The second type is chiefly distinguishable by a shorter and broader nose, slightly flattened; thick lips; long eyes, with little animation in them; and very curly and almost woolly hair, which is so close, that it stands straight out from the head. A portion of the population along the coast, in the province of Hamasen and other neighbouring districts, belongs to this second group.
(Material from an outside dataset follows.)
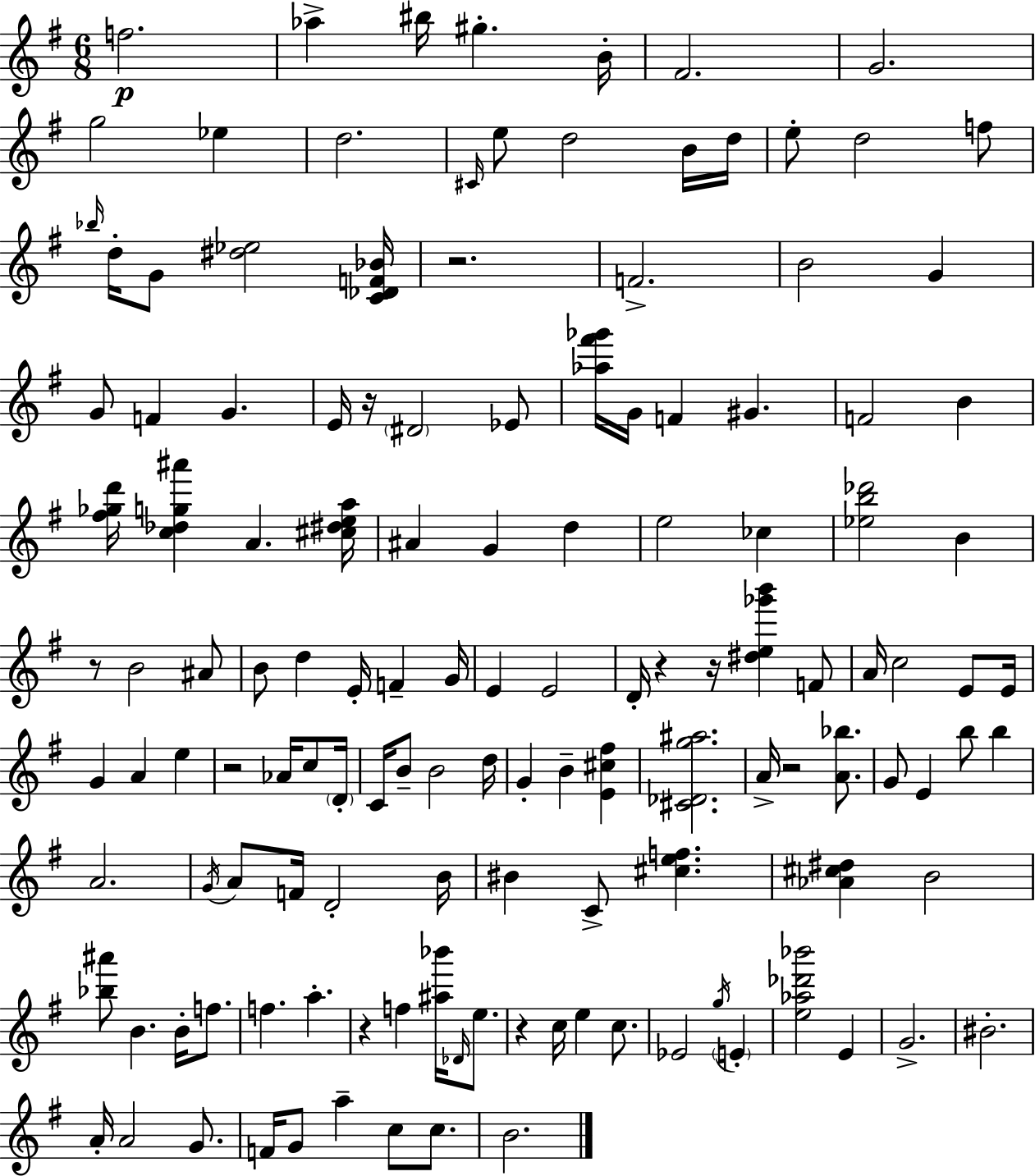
F5/h. Ab5/q BIS5/s G#5/q. B4/s F#4/h. G4/h. G5/h Eb5/q D5/h. C#4/s E5/e D5/h B4/s D5/s E5/e D5/h F5/e Bb5/s D5/s G4/e [D#5,Eb5]/h [C4,Db4,F4,Bb4]/s R/h. F4/h. B4/h G4/q G4/e F4/q G4/q. E4/s R/s D#4/h Eb4/e [Ab5,F#6,Gb6]/s G4/s F4/q G#4/q. F4/h B4/q [F#5,Gb5,D6]/s [C5,Db5,G5,A#6]/q A4/q. [C#5,D#5,E5,A5]/s A#4/q G4/q D5/q E5/h CES5/q [Eb5,B5,Db6]/h B4/q R/e B4/h A#4/e B4/e D5/q E4/s F4/q G4/s E4/q E4/h D4/s R/q R/s [D#5,E5,Gb6,B6]/q F4/e A4/s C5/h E4/e E4/s G4/q A4/q E5/q R/h Ab4/s C5/e D4/s C4/s B4/e B4/h D5/s G4/q B4/q [E4,C#5,F#5]/q [C#4,Db4,G5,A#5]/h. A4/s R/h [A4,Bb5]/e. G4/e E4/q B5/e B5/q A4/h. G4/s A4/e F4/s D4/h B4/s BIS4/q C4/e [C#5,E5,F5]/q. [Ab4,C#5,D#5]/q B4/h [Bb5,A#6]/e B4/q. B4/s F5/e. F5/q. A5/q. R/q F5/q [A#5,Bb6]/s Db4/s E5/e. R/q C5/s E5/q C5/e. Eb4/h G5/s E4/q [E5,Ab5,Db6,Bb6]/h E4/q G4/h. BIS4/h. A4/s A4/h G4/e. F4/s G4/e A5/q C5/e C5/e. B4/h.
The results of Baron Larrey’s comparison of the Abyssinian with the Negro, are, that the eyes of the former are larger and of a more agreeable look, and have the inner angle slightly more inclined. In the Abyssinian the cheek-bones and the zygomatic arches are more prominent than in the Negro; the cheeks form a more regular triangle with the angle of the mouth and the corner of the jaw; the lips are thick without being turned out like a Negro’s; the teeth are handsome, well set and less projecting; and the alveolar ridges are not so prominent. The complexion of the Abyssinian is not so black as that of the Negro in the interior of Africa. Baron Larrey adds, that the features which he has described above, belonged to the genuine Egyptians of olden times, and that they are to be found in the heads of Egyptian statues, and above all in that of the Sphinx.

167.—A NOUER CHIEF.

168.—CHIEF OF THE LIRA.

In the account which he published in 1865, of his journey through Abyssinia two years previously, M. Guillaume Lejean has given considerable information as to this part of Africa and its inhabitants, and the victorious enterprise undertaken by England in 1866, afforded an opportunity of establishing the accuracy of the French traveller’s statements.